GBPUSD turned marginally higher on the day after a dip to fresh two-month lows earlier in the day. Despite the recent bounce, the bullish bias looks too modest to bet on a more robust and sustainable recovery, with downside risks persisting for the time being. The pair extended losses to 1.2675 and has settled around the 100- and 200-DMAs since then. A daily close relative to these moving averages would be important for the cable, as a firmer recovery above them would pave the way to 1.28. in a wider picture, the pound needs to get back above the 20-DMA around 1.3040 that has been acting as resistance for nearly two weeks already
USDJPY continues to climb from six-month lows registered around 104.00 on Monday. The pair has exceeded the 105.00 handle in recent trading, challenging one-week highs around 105.20. If the buying pressure surrounding the greenback persists, and risk sentiment remains positive in the short-term, the pair could retarget the 20-DMA once the mentioned highs turn into support. On the four-hour timeframes, USDJPY looks neutral as long as the prices stay between the 20- and 100-SMAs. Meanwhile, the daily RSI is pointing north, suggesting the pair will preserve its bullish momentum for the time being.

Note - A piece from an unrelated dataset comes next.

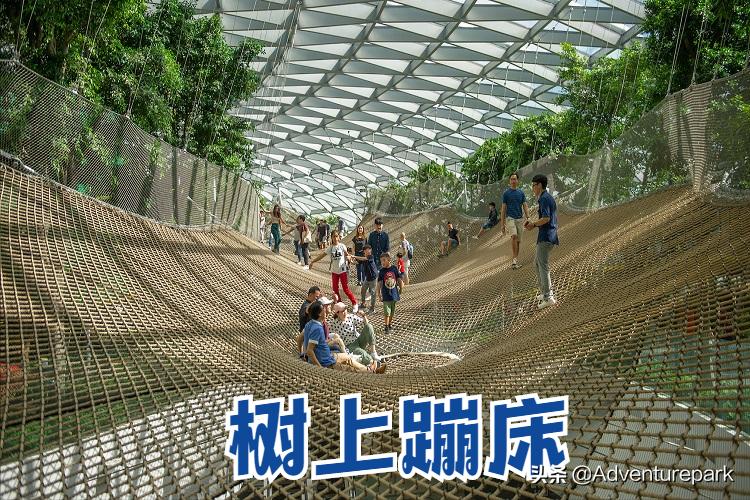 鏍戦棿璺冲姩妫灄鎺㈤櫓涔愬洯韫﹀簥,妫灄鍏洯韫﹀簥杩峰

Gold prices keep edging lower since Monday, dipping to $1,873 earlier during the European hours. The precious metal managed to trim losses marginally since then but the pressure remains too strong to expect a reversal in the short term. If the prices fail to hold above the $1,862 handle where the August 12 low lies, the bullion will target the 100-DMA around $1,842. On the upside, the immediate resistance now arrives at $1,900, followed by $1,937 where the 20-DMA arrives. As long as gold remains below this moving average, the path of least resistance is to the downside. In a wider picture, the prices are nearing the 20-SMA in the weekly timeframes. A break below this level that comes around $1,850 could trigger a more aggressive retreat from all-time highs registered in early-August.

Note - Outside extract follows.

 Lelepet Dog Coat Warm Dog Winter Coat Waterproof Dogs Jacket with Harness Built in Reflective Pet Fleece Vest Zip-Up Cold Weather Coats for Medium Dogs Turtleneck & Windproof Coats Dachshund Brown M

The Kiwi keeps bleeding since the start of the week, correcting lower from early-April highs registered around 0.68 on Monday. The pair extended losses to nearly one-month lows in the 0.6580 area in recent trading and remains in the lower end of the extended range. In the short term, the prices need to recover above 0.66 to trim intraday losses. However, it looks like the New Zealand dollar will extend the current decline to fresh local lows before a reversal takes place. The daily RSI is pointing south but hasn’t entered the oversold territory just yet, suggesting the selling pressure could persist in the short term. Once below the mentioned lows, the pair will target the 0.6520 intermediate support, followed by the 0.65 figure last seen on August 20.